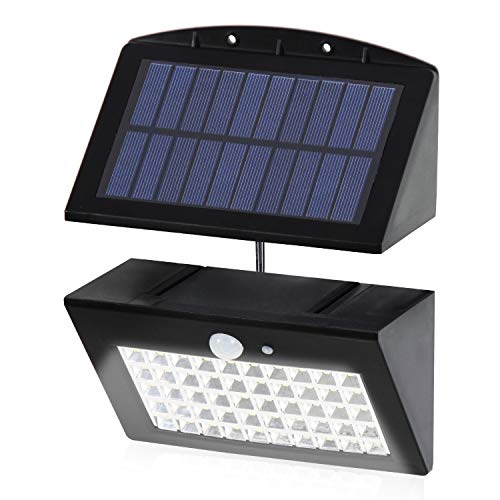 Lámpara de Pared Solar, T-SUN 50 LED Lámpara Solar con Sensor de Movimiento, IP65 Impermeable Lámpara de Jardín Solar con 3 Iluminación Modos para Terraza, Garaje, Camino de Entrada, 6000K.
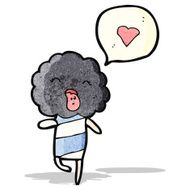 cute cloud head creature with love heart N2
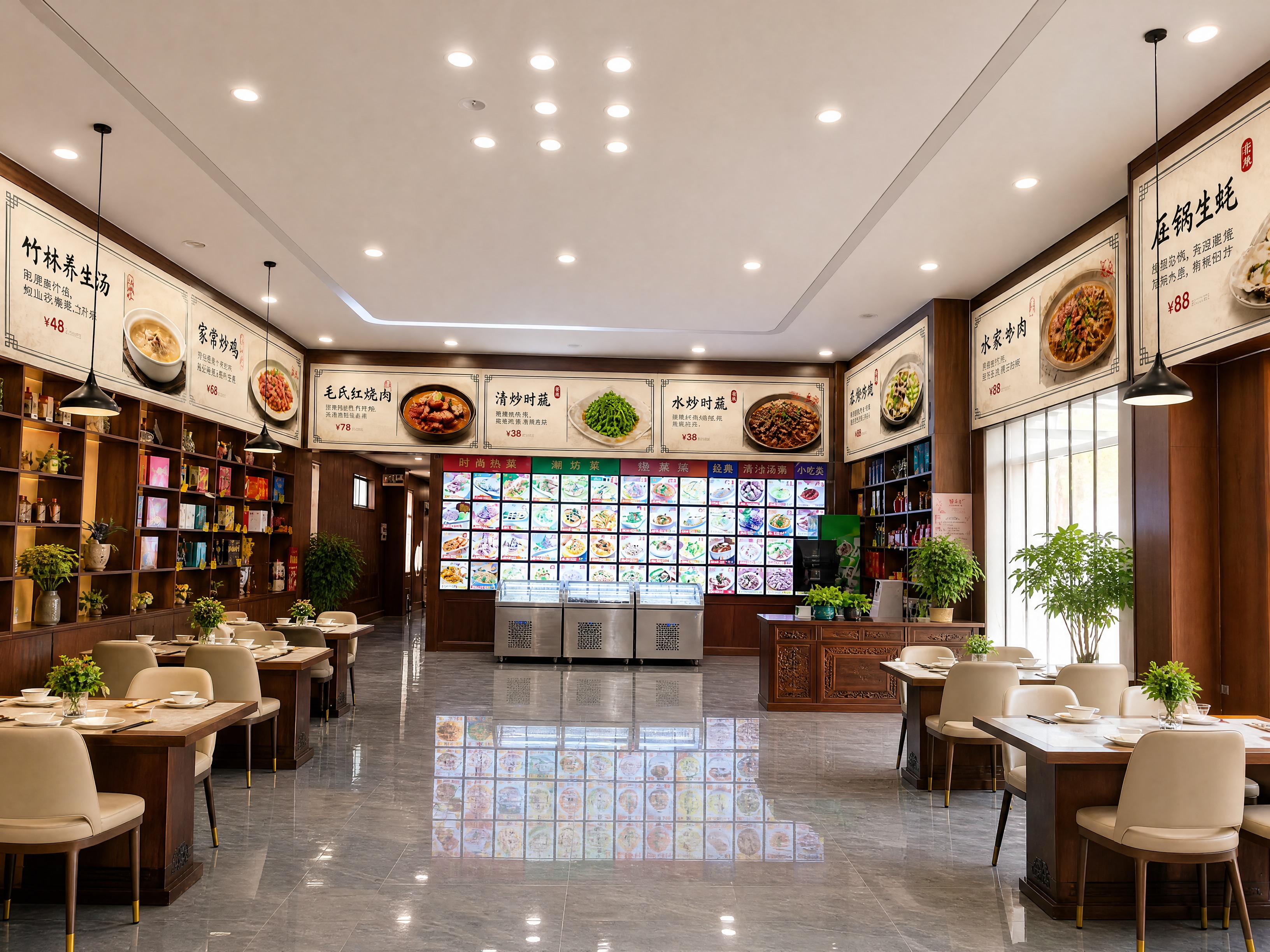 去掉场景中所有的人物，美化整体场景：保持新中式菜品文化墙设计不… - 图片创意预览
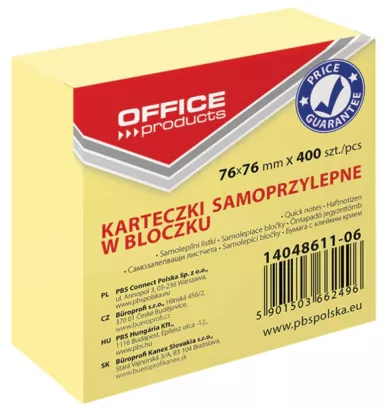 Bloczki Samoprzylepne Karteczki 75x75 400k Żółte Office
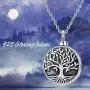 TRISHULA Tree of Life Cremation Locket Necklace for Memorial, Music Note Butterfly/Heart Rose 925 Sterling Silver Urn Jewelry Pendant,Keepsake Charm Pendant Jewelry for Women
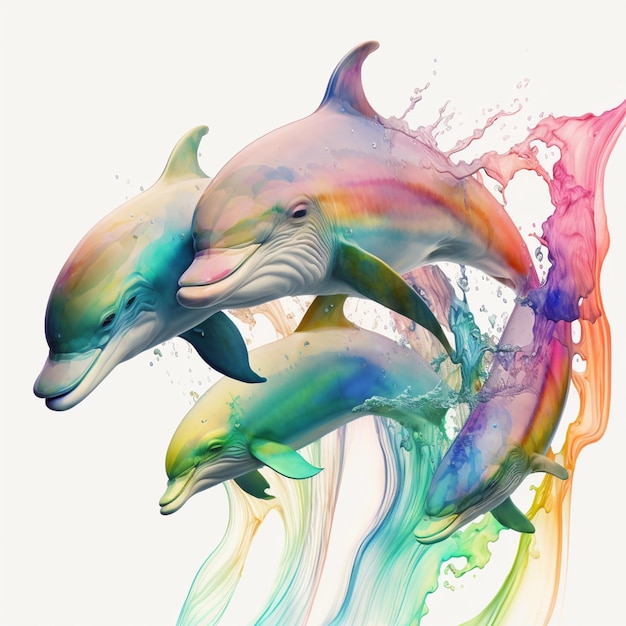 Красочный рисунок дельфина с улыбкой на лице.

_____

= Instructions to follow =
Each entry above should be reproduced exactly, with the pictures removed.

= Result of this exercise =
 Lámpara de Pared Solar, T-SUN 50 LED Lámpara Solar con Sensor de Movimiento, IP65 Impermeable Lámpara de Jardín Solar con 3 Iluminación Modos para Terraza, Garaje, Camino de Entrada, 6000K.
 cute cloud head creature with love heart N2
 去掉场景中所有的人物，美化整体场景：保持新中式菜品文化墙设计不… - 图片创意预览
 Bloczki Samoprzylepne Karteczki 75x75 400k Żółte Office
 TRISHULA Tree of Life Cremation Locket Necklace for Memorial, Music Note Butterfly/Heart Rose 925 Sterling Silver Urn Jewelry Pendant,Keepsake Charm Pendant Jewelry for Women
 Красочный рисунок дельфина с улыбкой на лице.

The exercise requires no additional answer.